College is not for everyone, and everyone is not meant to go to college.
Consider some of the most successful people who never went to or never completed college. These include Andrew Carnegie, Abraham Lincoln, Benjamin Franklin, and Walt Disney. Closer to home are Rush Limbaugh and B. J. “Red” McCombs.
But today, students are told on the White House website and everywhere else, that higher education is a “prerequisite for 21st century jobs.” Not so fast. We should first examine the overall health of our high school education, as well as look at colleges.
Studies show that American students actually rank below average in math, science, and reading among industrialized countries. I am reminded of Joseph Sobran’s quip: “In 100 years we have gone from teaching Latin and Greek in high school, to teaching Remedial English in college.”

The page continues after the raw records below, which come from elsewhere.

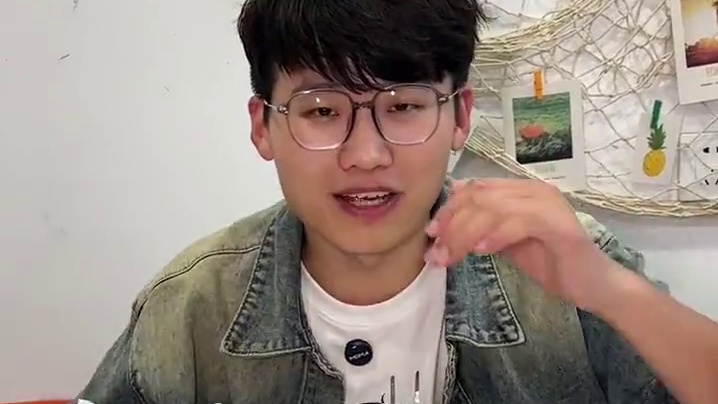 今天给我龙凤胎的弟弟妹妹过个生日 没想到一百多还有这么多款式可以选择，不仅很精致而且用的还是动物奶油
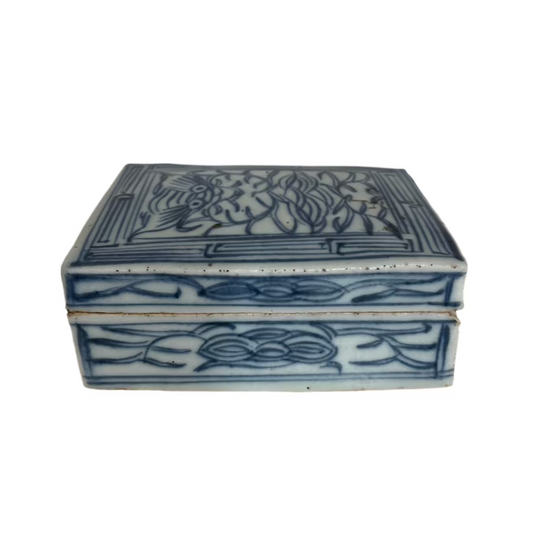 Chinoiserie Lidded Box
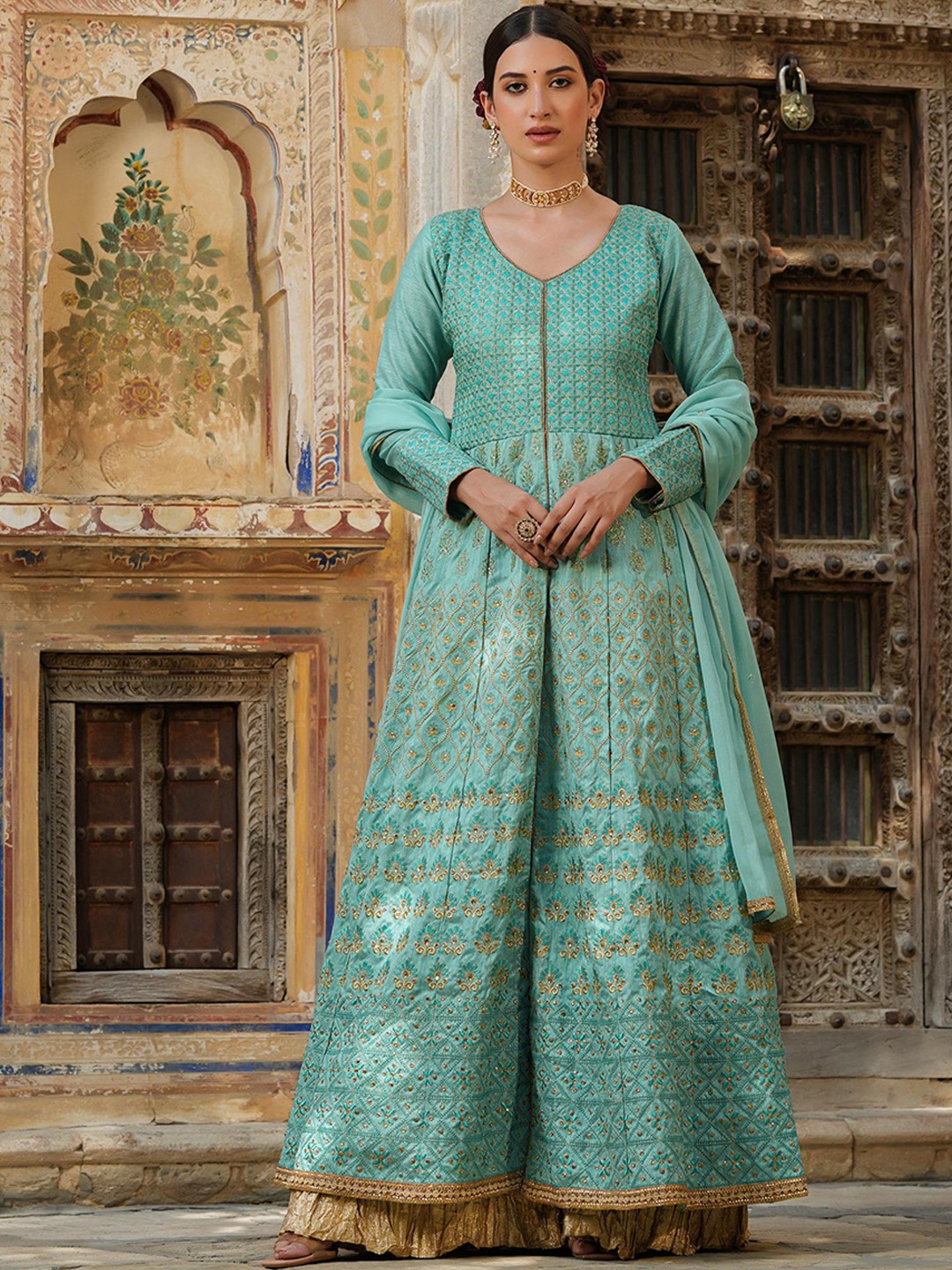 

SCAKHI Women Sea Green Ethnic Motifs Embroidered High Slit Kurta with Trousers & With Dupatta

This is despite the fact that spending in the United States averages about $115,000 per student. That’s the fifth highest among 34 countries surveyed.
At the same time, the Slovak Republic, which has math scores similar to those of American students, spends only $53,000 per student. That leaves one to conclude that more money does not necessarily a better education make. Still, there isn’t a politician or a committee that doesn’t campaign on spending more money for education.
Some students would actually be much happier in a technical or trade school, but society frowns upon blue-collar careers. Parents go along with the status quo: “Gotta get that degree!”
There is another option. As Texans gear up for the next 40 or 50 years of activity in the Eagle Ford region, there is a growing job market for the trades. The oil and gas industry is but one area that has spurred demand for technical training and trade schools. Technicians, skilled mechanics, truck drivers, electricians, and other blue-collar workers are in high demand.
Because of the lack of job applicants, many companies even offer to help with the training. These are hardly jobs to be frowned upon. A mechanic no longer is the “grease monkey” of yesteryear. Mechanics are highly skilled technicians. As Mike Rowe likes to say, they are more like rocket scientists than grease monkeys.
Especially in the Eagle Ford area, truck drivers and other oil-field-related jobs are high-paying positions in great demand. These are professions that are quite obtainable without being saddled with tens of thousands of dollars in student loans.
We should quit looking down our noses at blue-collar professions, and be more realistic about some of our educational programs.
Some of these student loans necessary for that college degree can take a lifetime to pay off, as students often are sold a “bill of goods.” They are influenced by parents, teachers, and counselors to get a college degree even when the student has no clue what they want to do in life.
Student loans are pushed. In fact, some think it is their right, both to get a loan and to get a college degree.
This is misguided thinking. As Will Hunting wrote: “You wasted $150,000 on an education you coulda got for $1.50 in late charges at the public library.”
Perhaps he was only being partially facetious when he made that comment.